Almanya'nın dış istihbarat teşkilatı BND’nin, Fransız hükümeti, Avrupa Birliği Komisyonu ve çeşitli Avrupalı holdingleri dinleme faaliyetinde yıllardır Amerikan Ulusal Güvenlik Ajansı NSA’ye yardım ettiği iddiaları Almanya gündeminde. Bu iddialara rağmen Başbakan Merkel: BND ve NSA'in işbirliğinin süreceğini vurguladı.
Handelsblatt gazetesi konuya ilişkin olarak şu görüşlere yer veriyor:
“Sükut altındır. Fransız hükümetinin şu sıralar bu özdeyişi uyguladığı görülüyor. BND'nin Paris'teki casusluk faaliyetleri ve üst düzey politikacıları dinlemesi konusunda Amerikan Ulusal Güvenlik Ajansı NSA’ye yardım ettiği söyleniyor. Ne var ki Fransa’dan öfke haykırışları gelmiyor, Fransa sadece kibar bir biçimde susuyor. Fransa hükümeti resmî bir tepkide bulunmuyor. Fransız medyası da konuyu sadece kıyıda köşede ele alıyor. Sükut altındır; ulusal güvenlik özel yaşamdan daha önemlidir. Bu konudaki bir yasa tasarısının Fransa Ulusal Meclisi’nde oylanması bekleniyor. Şimdiye kadar casusluk önlemleri özellikle terörizm şüphesi altındaki kişileri kapsamına alıyordu. Buradaki sınırlamanın şimdilerde genişletilmesi isteniyor. Bilgisayarların, konutların ve telefonların dinlenmesi için bundan böyle yargıçların kararına gerek kalmaması hedefleniyor.

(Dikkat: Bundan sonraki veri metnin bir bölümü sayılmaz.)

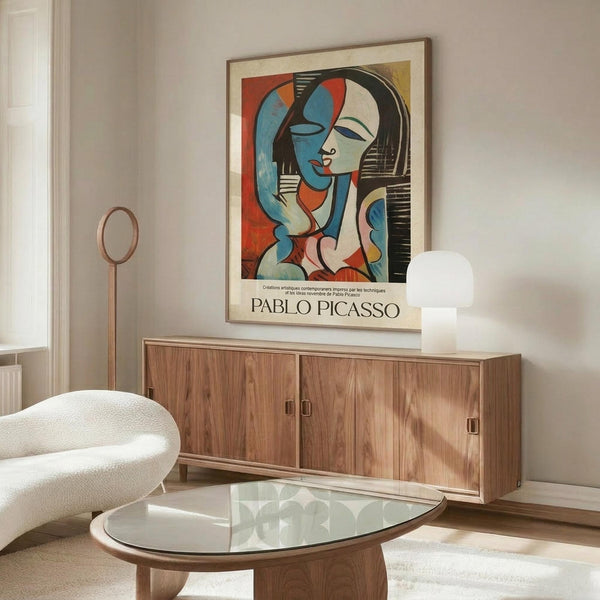 May include: Framed Pablo Picasso exhibition poster featuring colorful cubist portrait of a woman with geometric shapes in blues, reds, and warm tones, displayed above a mid-century modern walnut credenza with white marble top. Room scene shows cream upholstered swivel chair, glass oval coffee table, brass floor lamp, and white sculptural vase on polished floors with soft natural lighting.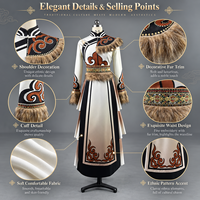Costume de scène ethnique professionnel, tenue de danse folklorique chinoise traditionnelle avec bordure en fausse fourrure et jupe superposée 3D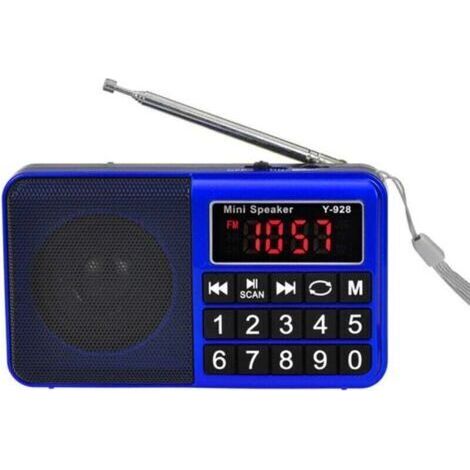 Petite Radio Portable, AM/FM/SW Radio Rechargeable avec Haut-Parleur AUX/SD/TF/MP3. Radio à Piles avec Gros Boutons et Grand écran. (Pas de Prise Charge des Stations prédéfinies)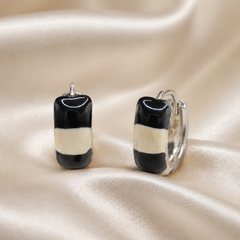 Silver Black & Cream Enamel Huggie Hoops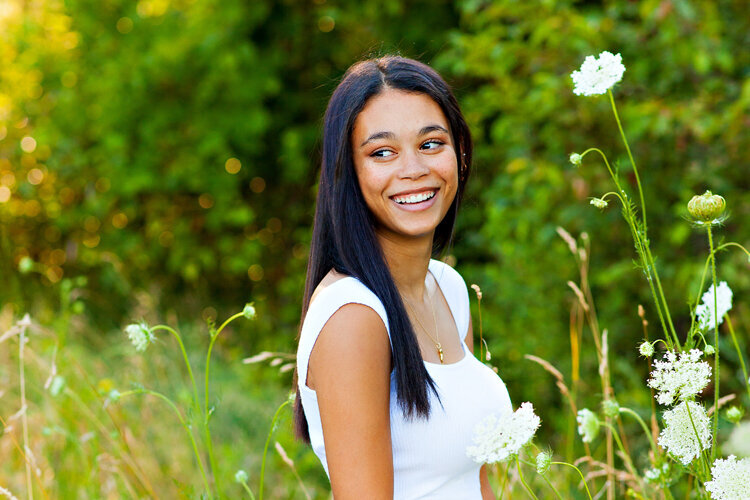 northville south lyon michigan senior portraits flower photography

Bu durumda Fransa eğer daha fazla casusluk faaliyetinde bulunacaksa, o zaman tabii bu konuda Almanya’yı işaret etmesi pek mümkün olmayacak.”

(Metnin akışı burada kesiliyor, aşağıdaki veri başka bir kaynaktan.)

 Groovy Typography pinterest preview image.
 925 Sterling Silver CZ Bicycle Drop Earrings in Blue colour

Frankfurter Allgemeine Zeitung'un aynı konudaki yorumuna bakıyoruz:
“İçişleri Bakanı Thomas de Maiziere ve BND Başkanı Gerhard Schindler çarşamba günü Alman istihbarat birimlerinin denetlenmesinden sorumlu meclis denetleme komisyonuna açıklamalarda bulunduklarında, BND skandalının üzerinden neredeyse iki hafta geçmiş olacak. Bu süre içinde konuyla yakından ilgili olanların bile ayrıntıları hatırlamaları kolay olmayacak. Eğer ‘ekonomi casusluğu’ faaliyetinin gerçekten yapıldığı ortaya çıkacak olursa, o zaman Başbakan Merkel’ın başı ağrıyacaktır. Olayın kurbanı, ya komisyona açıklamada bulunacak adını verdiğimiz iki yetkiliden biri, ya da her ikisi birden olacaktır. Skandal böylece çıktığı yere, yani parlamentoya dönüyor. Skandalın ortaya çıkmasına destek veren meclis denetleme komisyonu ile NSA Komisyonu'ydu. Eğer Amerika bu iler tutar yeri kalmayan mercilere bu konuda yardımcı olacaksa, o zaman elindeki malzemeyi doğrudan Edward Snowden'a da gönderebilirdi.”
Stuttgarter Zeitung'un yorumunda ise bu skandal çerçevesinde kavgaya tutuşmak üzere olan Alman hükümetinin koalisyon ortaklarına değiniliyor:
“Hristiyan Birlik partileri açısından Sosyal Demokrat Parti lideri Sigmar Gabriel'in başbakan yerine konuşması hiç hoş kaçmadı. Ancak asıl sorunlu olan nokta, Gabriel'in Merkel için söyledikleriydi. Gabriel, BND'nin ekonomi casusluğu konusunda Amerikan istihbarat servisi NSA'ye yardımda bulunduğuna ilişkin bir işarete rastlanmadığını Angela Merkel'ın iki kez kendisine söylemiş olduğunu açıkladı. Böylece sosyal demokratların lideri Gabriel Merkel'ı bu sözlerinde bağlamış oldu. Yani, Merkel'ın kamuoyu önünde somut olarak söylemediği şeyleri somutlaştırdı. Böylece Merkel'ın olası kaçış yollarını kapatmış ve başbakanlıktaki inanılmayacak bu gelişmeden Merkel'ın sorumlu tutulmasının yolunu açmış oldu.”